Open node on any machine, type process.binding('uv'), and you're staring at it. Not Chrome's V8. V8 doesn't know what a socket is. Not the standard library either: fs.readFile is a thin JS shim. The thing that actually talks to the kernel, schedules the event loop, runs the thread pool, and decides whether your await resumes in 200 microseconds or 200 milliseconds is a ~50,000-line C library called libuv. It is the most important piece of Node.js that almost nobody reads.

Most explanations of Node's async model stop at "there's an event loop and a thread pool." That's like explaining a car as "there's an engine and some wheels." Technically true, completely unhelpful. So let's go a layer deeper. We'll look at where libuv came from, what its event loop actually does on each tick, which operations hit the thread pool and which don't, why file I/O is the awkward stepchild of the whole design, and the handful of gotchas that bite people in production once a year, every year.

Where libuv came from (and why)

Node.js shipped in 2009 on Linux only, with an event loop borrowed wholesale from a C library called libev, plus libeio for async file I/O. Both were written by Marc Lehmann. They were excellent, for Linux. For Windows, they were nothing.

In 2011, Microsoft and Joyent funded a port of Node.js to Windows. The problem: Windows doesn't do epoll. Windows does I/O Completion Ports (IOCP), a completely different async model: "tell me when this completes" rather than "tell me when this is ready." You can't just #ifdef your way out of that gap. Ryan Dahl and Ben Noordhuis pulled the trigger and built a new abstraction layer called libuv, initially a wrapper around libev + libeio on Unix and IOCP on Windows. By Node v0.9, libev was gone entirely; libuv had its own epoll-based loop, and the dependency tree got a lot cleaner.

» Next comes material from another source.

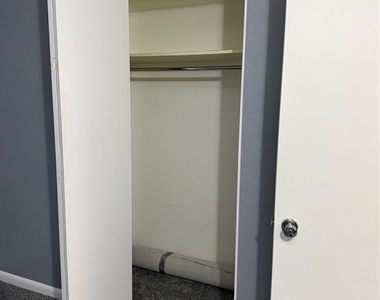 1376 Archer Street - Photo Thumbnail 15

The name, by the way, means nothing. Noordhuis has said publicly that they made up "Unicorn Velociraptor" after the fact, because people kept asking. That's also the logo.

Today libuv runs on Linux (epoll), macOS / *BSD (kqueue), Windows (IOCP), Solaris/illumos (event ports), AIX (pollset), and, since libuv 1.45.0 in 2023, Linux io_uring as an opt-in backend for file I/O. It's used by Node.js, Deno (originally; Deno later forked some pieces), Luvit, Julia, neovim, and a long tail of language runtimes that needed a portable async layer and didn't want to write one.

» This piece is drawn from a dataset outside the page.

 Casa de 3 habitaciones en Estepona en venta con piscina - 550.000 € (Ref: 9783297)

The event loop, phase by phase

The libuv event loop is a while (alive) { ... } in C. Each iteration is called a tick, and each tick walks through seven phases in a fixed order:

Text One tick of the libuv loop
1. update_time          // refresh "now" from the monotonic clock
2. run_timers           // fire any setTimeout / setInterval whose time has come
3. run_pending          // run I/O callbacks deferred from the previous tick
4. run_idle             // idle handles (internal; rarely user-visible)
5. run_prepare          // prepare handles (run before I/O poll)
6. io_poll              // block on epoll/kqueue/IOCP for I/O events
7. run_check            // check handles — setImmediate lives here
8. run_closing_handles  // close callbacks for handles you uv_close()'d

If you've read the Node docs, you've probably seen a six-phase diagram that omits idle and prepare and merges update_time into timers. The Node docs simplify a little; libuv's src/unix/core.c is the source of truth. The diagram above matches what uv_run() actually does.

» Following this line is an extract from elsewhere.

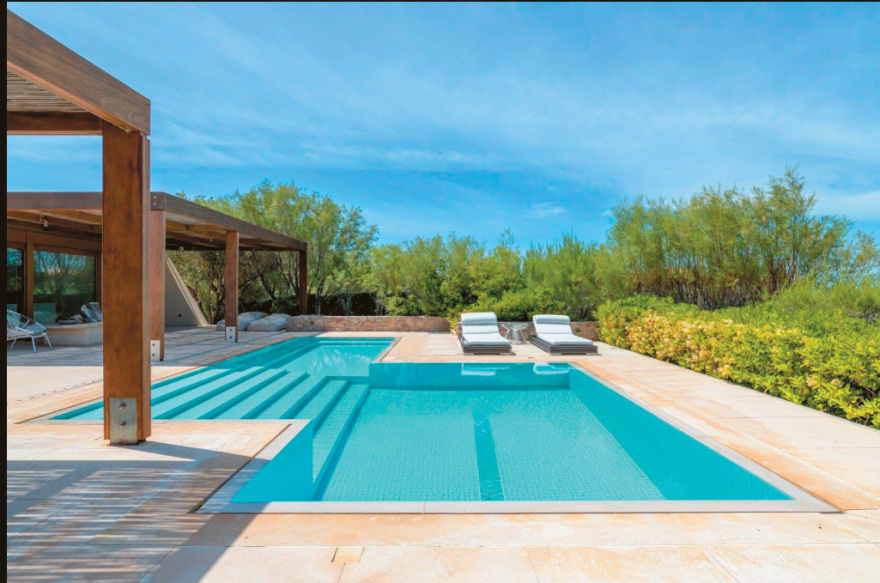 Ανάβυσσος: Η βίλα Νίκα κάνει limit up στα 20 εκατ. ευρώ - Ξανά πωλητήριο στον «ιδιωτικό παράδεισο πάνω στο κύμα»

A few things worth pinning down, because they're the source of half the confusion in this area:

process.nextTick and Promise microtasks do not live in any of these phases. They run between every callback, drained completely before libuv hands control back. That's why a busy loop of process.nextTick(fn) will starve I/O and timers: you never let libuv reach the poll phase. This is V8 + Node, not libuv.

setImmediate runs in the check phase, after io_poll. setTimeout(fn, 0) runs in the timers phase, before io_poll. If you're inside an I/O callback, setImmediate always wins. If you're at the top level, the order is a coin flip: whichever phase the loop happens to enter first. Crazy, right? But once you see the phase order, it's obvious.

Close callbacks run dead last. When you do socket.destroy() and pass a callback to socket.on('close', ...), that callback fires in phase 8, after everything else on that tick. If you're trying to chain "close this server, then exit" logic, that's the order you're working with.

Circular diagram of one libuv event-loop tick with eight numbered phases from update_time through run_closing_handles, marking where setTimeout, setImmediate, and process.nextTick fire.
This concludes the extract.